Pour le fondateur de Larian, “les joueurs ont besoin de développeurs qui peuvent prendre des risques.” Ce que les éditeurs se refusent généralement à faire, car cela revient à risquer de se planter. “Or si tu regardes des enfants qui grandissent, la chose la plus importante dans l’apprentissage d’un métier ou de la vie c’est le fait de faire des fautes et de pouvoir apprendre de ses fautes. Et nous, on a fait beaucoup de fautes dans le passé, on a appris beaucoup et maintenant, on va faire de nouvelles fautes : ça nous permet d’accéder à nos passions dans le jeu.” Dans l’esprit aussi, Larian reste indépendant : “la grande différence c’est qu’il n’y a pas d’actionnaire extérieur qui va avoir un impact. On n’a pas besoin [à telle date] de faire du profit, sinon les actionnaires vont être fâchés. […] Notre essence de joueur est beaucoup plus importante que l’argent.”
Cela correspond aussi à la volonté d’imposer un challenge au joueur, de le confronter à un minimum de difficulté – à l’inverse de la tendance, qui a longtemps sévi et continue de sévir pour bon nombre de licences : “nous on voulait faire un jeu auquel on aimerait bien jouer. On a des joueurs qui ont déjà joué à beaucoup de titres, et si c’est trop simple, on ne va pas s’amuser, il faut qu’il y ait un challenge.”
Divinity: Original Sin 2 : le développement de tous les défis
En lisant notre test et en jouant à Divinity: Original Sin 2, vous vous rendrez compte d’une chose très rapidement : le titre est incroyablement complet. Un élément en particulier a attiré notre attention : la qualité de l’écriture et de la narration. Il s’avère que sa complexité a été la partie la plus difficile pour Vincke :
La [partie la] plus difficile c’est aussi celle dont je suis le plus fier : c’est la complexité du narratif. C’était la chose la plus compliquée que j’ai faite dans ma vie parce qu’on avait tellement de lignes de quêtes. Tu choisissais les protagonistes historiques et les protagonistes custom que tu pouvais jouer ou prendre comme compagnons, et ces derniers avaient 6 quêtes spécialisées en plus de l’histoire principale et cela pouvait marcher en multijoueur avec 4 joueurs maximum. Et je dois dire que toutes ces permutations étaient un peu difficiles. […] Le scripting a été très compliqué, ça a pris beaucoup de temps. Mais j’en suis très fier parce que c’est quelque chose qui n’a jamais été fait avant et ça montre maintenant une énorme liberté, tu as toujours l’impression que le monde réagit de manière fluide et naturelle, je ne veux pas dire qu’il n’y a pas parfois un petit truc ici et là, mais je trouve ça très chouette que l’équipe ait réussi à faire tout ce bazar et que ça ait marché.

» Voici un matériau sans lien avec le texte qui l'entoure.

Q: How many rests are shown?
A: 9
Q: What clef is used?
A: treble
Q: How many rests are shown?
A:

Quand nous soulignons de plus que “le système d’étiquette rajoute aussi des interactions avec le monde et les différentes histoires des personnages historiques ont en plus des points de contact…” il répond dans un rire : “Oui ça c’était l’horreur totale pour le scripteur.” Tu m’étonnes.

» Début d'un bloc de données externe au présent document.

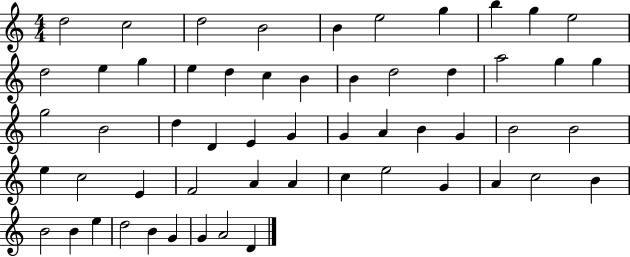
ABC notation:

X:1
T:Untitled
M:4/4
L:1/4
K:C
d2 c2 d2 B2 B e2 g b g e2 d2 e g e d c B B d2 d a2 g g g2 B2 d D E G G A B G B2 B2 e c2 E F2 A A c e2 G A c2 B B2 B e d2 B G G A2 D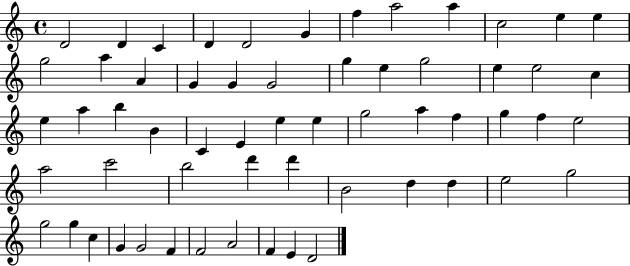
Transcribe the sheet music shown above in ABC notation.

X:1
T:Untitled
M:4/4
L:1/4
K:C
D2 D C D D2 G f a2 a c2 e e g2 a A G G G2 g e g2 e e2 c e a b B C E e e g2 a f g f e2 a2 c'2 b2 d' d' B2 d d e2 g2 g2 g c G G2 F F2 A2 F E D2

Au final, le meilleur moment pour Swen Vincke reste celui où toutes les parties du jeu sont assemblées après avoir été développées séparément et que tout s’imbrique pour constituer le tableau final. Quant aux éventuels regrets que l’homme pourrait avoir sur Divinity: Original Sin 2, il préfère ne pas en parler, comme ça les gens ne remarqueront rien !

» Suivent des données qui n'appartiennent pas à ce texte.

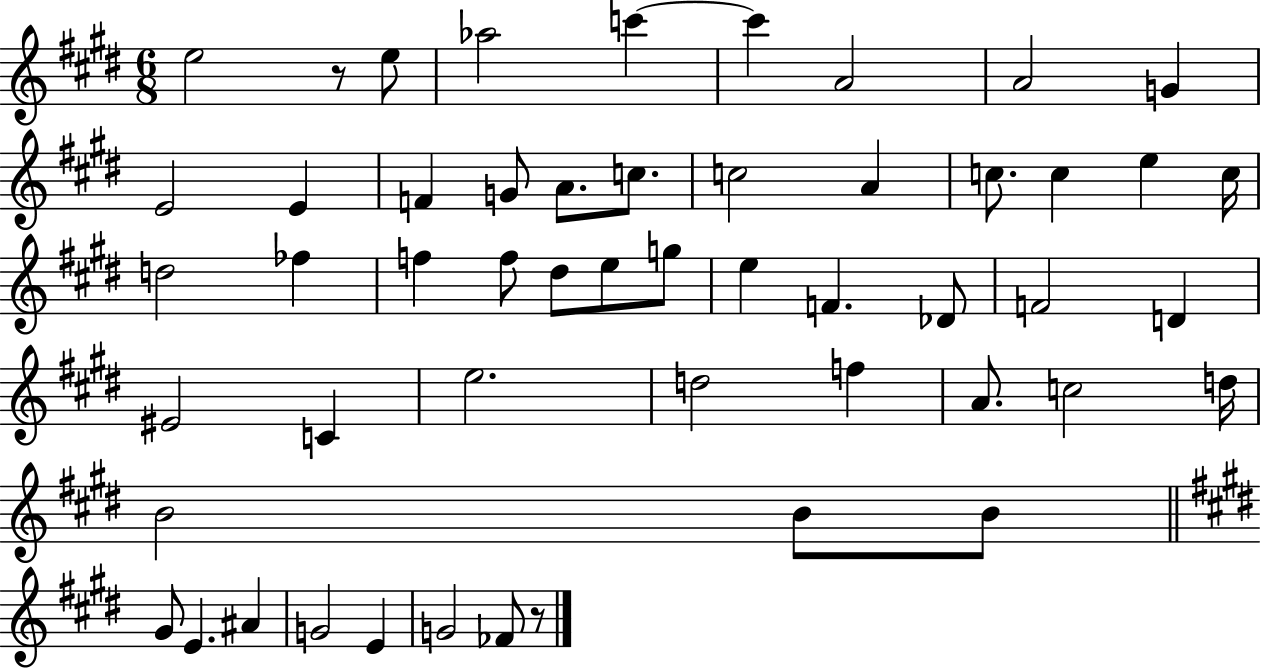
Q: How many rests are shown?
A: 2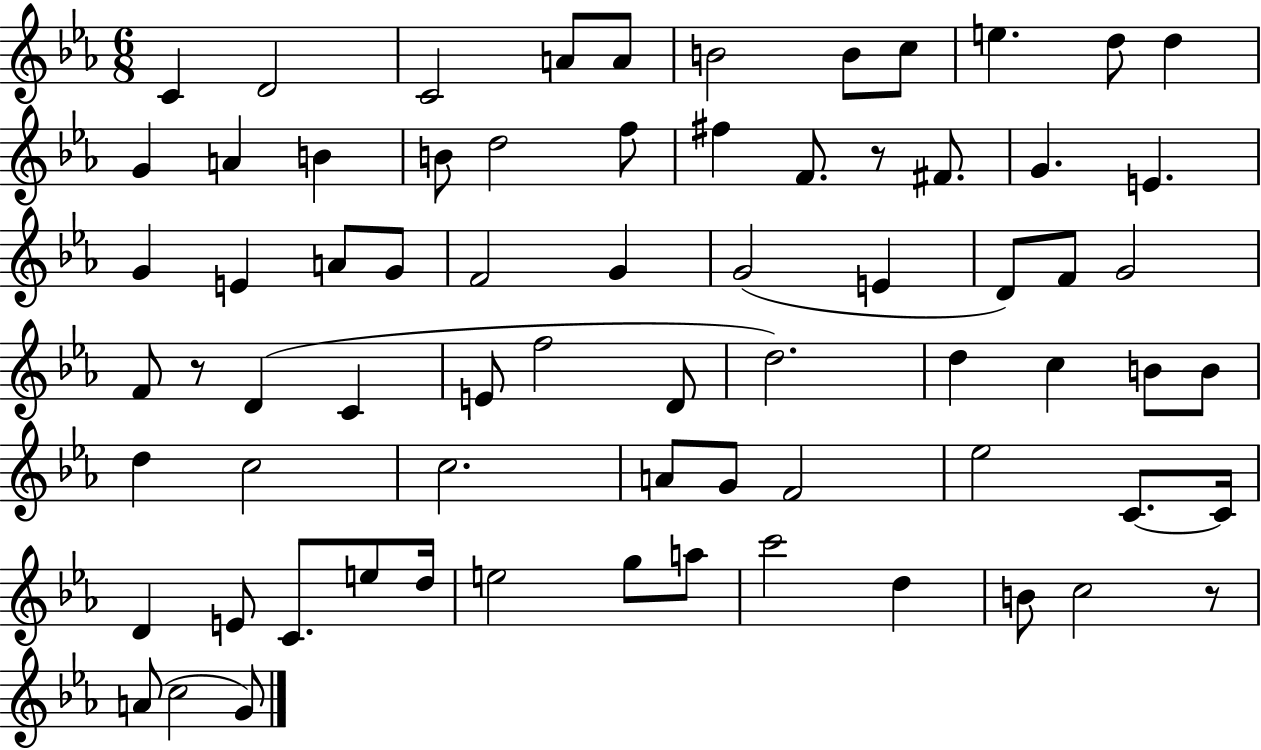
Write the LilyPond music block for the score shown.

{
  \clef treble
  \numericTimeSignature
  \time 6/8
  \key ees \major
  c'4 d'2 | c'2 a'8 a'8 | b'2 b'8 c''8 | e''4. d''8 d''4 | \break g'4 a'4 b'4 | b'8 d''2 f''8 | fis''4 f'8. r8 fis'8. | g'4. e'4. | \break g'4 e'4 a'8 g'8 | f'2 g'4 | g'2( e'4 | d'8) f'8 g'2 | \break f'8 r8 d'4( c'4 | e'8 f''2 d'8 | d''2.) | d''4 c''4 b'8 b'8 | \break d''4 c''2 | c''2. | a'8 g'8 f'2 | ees''2 c'8.~~ c'16 | \break d'4 e'8 c'8. e''8 d''16 | e''2 g''8 a''8 | c'''2 d''4 | b'8 c''2 r8 | \break a'8( c''2 g'8) | \bar "|."
}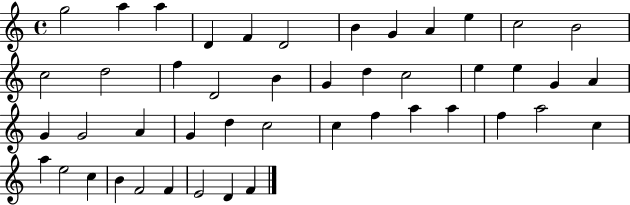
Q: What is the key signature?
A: C major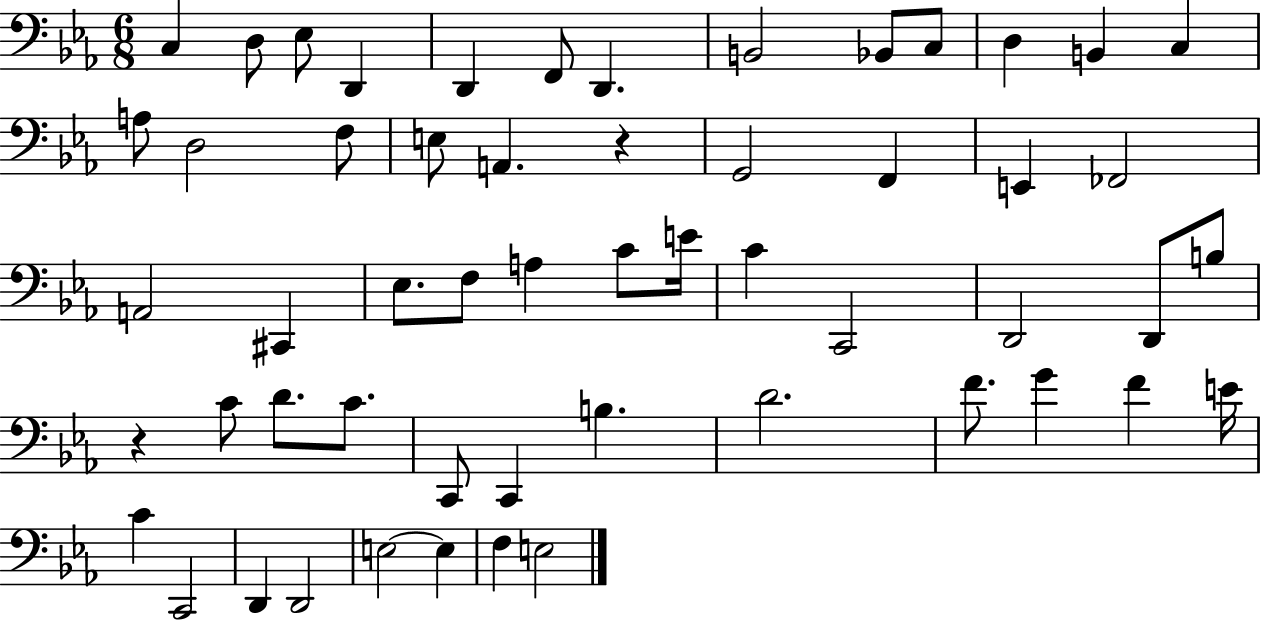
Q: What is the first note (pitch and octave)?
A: C3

Il y a des choses… je ne pense pas que les joueurs vont voir, alors c’est mieux de ne pas en parler (rires). Il y a définitivement une liste des chouchous que j’ai dû tuer parce qu’il y a aussi un aspect production dans le développement d’un jeu, mais je suis assez fier du résultat.
“Je me vois bien faire du contenu supplémentaire” pour Divinity: Original Sin 2
Original Sin, bien que s’intégrant dans l’univers Divinity initié avec Divine Divinity en 2002, constitue un nouvel arc narratif. Nous avons demandé au fondateur de Larian Studios s’il comptait rester sur celui-ci ou revenir à ceux des anciens jeux. Il esquive avec un rire : « c’est une question sur les prochains trucs donc ça je ne peux pas répondre !” Vous en ferez ce que vous voulez, de notre côté, c’est fait !
En revanche, pour ce qui est de l’avenir de Divinity: Original Sin 2, Larian Studios n’envisage pas d’Enhanced Edition car ils ne voient pas – et à raison – ce qu’ils pourraient apporter au jeu par ce biais. Il est déjà question de patchs et mises à jour, évidemment. Par contre, il précise : “Je me vois bien faire du contenu supplémentaire, mais ça on va voir, maintenant on voit que le jeu a du succès, donc il y a probablement un marché pour.” Et rassurez-vous, en bon développeur passionné, Swen Vincke ne se paie pas votre tronche :
Quand je dis contenu ajouté, ce n’est pas : “tu peux jouer avec une robe jaune” ou quelque chose comme ça. Si on fait quelque chose, ça va être un nouveau contenu en termes d’aventure, ça ne va pas être un petit truc. Cette façon de jeter des petits morceaux [au public] et de les vendre, comme créateur ça ne m’inspire pas beaucoup, alors je ne préfère pas perdre mon temps avec. On n’a qu’une vie et je préfère faire des choses dont je peux être fier en termes de carrière et de développement.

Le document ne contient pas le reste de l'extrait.